This is a big departure from the Bombay trilogy, although there have always been biblical references in your work. Why did you choose to go in this direction and why now?
It’s only an apparent departure. In fact, Names of the Women continues the larger project of the Bombay trilogy, which is to give the marginalised a place in the centre, where they belong. I think it’s fair to say that this is the narrative element that interests me more than any other.
To call it a retelling of a Bible is somewhat of a disservice to the scope of the novel. There is a fair amount of craft involved for example in creating the characters of Acquila and Junia from mere mentions. Can you take us through the process involved in the creation of this book considering how little there is by way of “historical” information available?
For me the engine of the novel is the tone of voice, the rhythm of the sentences, the high register and particular diction we associate with the Bible. While writing, I reread the Gospels and made a note of the female characters, how often or how rarely they appeared, what they did, who they were. I was astonished to discover that although some of the crucial moments in the narrative involve women, they are rarely named or given any kind of spiritual consideration. I tried to immerse myself in their stories as an imaginative retrieval or excavation.
While the overall feminist tone of the novel is obvious and consistent, there are other oppressed voices emerging throughout (themes of class divide and identity politics keep recurring). You seem to have set out to have the marginalia reclaim the narrative, especially in a time like this where identity politics is still rampant.
For me this was the point. Throughout the novel there are sightings of the migrant, which is as ancient a figure as any, a point we seem to have forgotten in this forlorn identity-driven moment. It may serve to remind Christian fundamentalists in the west that Christ was born to a migrant couple, in the foreign town of Bethlehem, because his family was forced to flee their hometown following an imperial edict. An elderly working-class man, his pregnant wife, and unborn child, on the road for what turned out to be years, braving the hostility of strangers. This image should have special resonance for us, who saw so many migrant families displaced by our own government’s imperial edict that forced us into last year’s disastrous lockdown.
The novel succeeds in subverting the male gaze but at the same time, all the women are realistic and believable, and have a humanising quality about them.

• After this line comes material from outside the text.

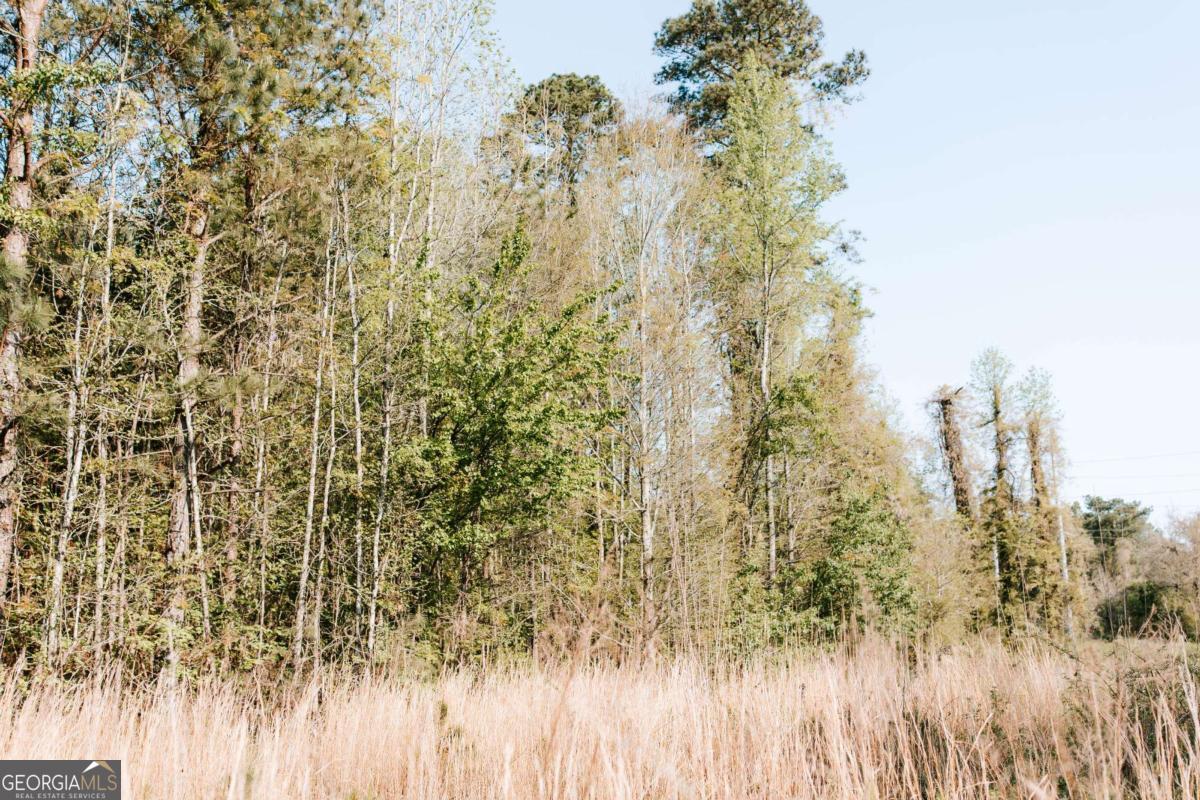 254 Fritz Mar Lane Athens, GA 30607 - Photo 10 of 11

The narrator tells their stories without idolising them or making them seem unrealistically heroic.
That’s the only way you can make a character believable, by making them as ordinary as the people you know and have always known. By ordinary I don’t mean unremarkable. As we know, the ordinary is always remarkable. In the same way that the women of the Bible are not idealised or idolised, neither is the figure of Christ. He is human, susceptible to rage and pain and doubt. I tried also to make a connection between Jesus and the idea of fame. Fame can turn you away from the familiar and the people you know. Bob Dylan, for example, went to great lengths to hide his ethnicity and class. There are artists who like to obscure their origins, the early life shrouded in mystery, as if they arrived in the world fully formed, already messiahs. And it has to be said: it is almost always male artists who do this.
Your previous works are informed by a lived experience. What space does this novel hold for you personally?
My grandmother could recite the Syrian Christian service by heart. She was the only one in the family who knew the entire hour-and-a-half-long service. In the Orthodox Church, only the priests were allowed to own it. They were always male, and it was their way of control, of preserving their status and extracting material goods in the form of gifts from parishioners. My grandmother’s recital of the service in that society was outrageous: a way of taking power back from the custodians. If she’d seen this book, I think she would have been happy, though her happiness was always tempered by gloom. Chachiamma had a tragic understanding of life. The definition of tragedy is: everybody dies. Her gloom had to do with the hard life she lived. She bore eight children and two of them died young.
What are you currently working on? What else can readers look forward to?
I’m working on a novel with the working title of The Migrants, which plays with the idea of fiction, non-fiction, and autobiography. I’m using letters, old and new photos, fragments, maps, and, in one section, the notebooks my father kept of his trips to North Vietnam in 1973. He was the first Indian journalist allowed in, and his notes are detailed and atmospheric, a novelist’s notes rather than a journalist’s, material he never used.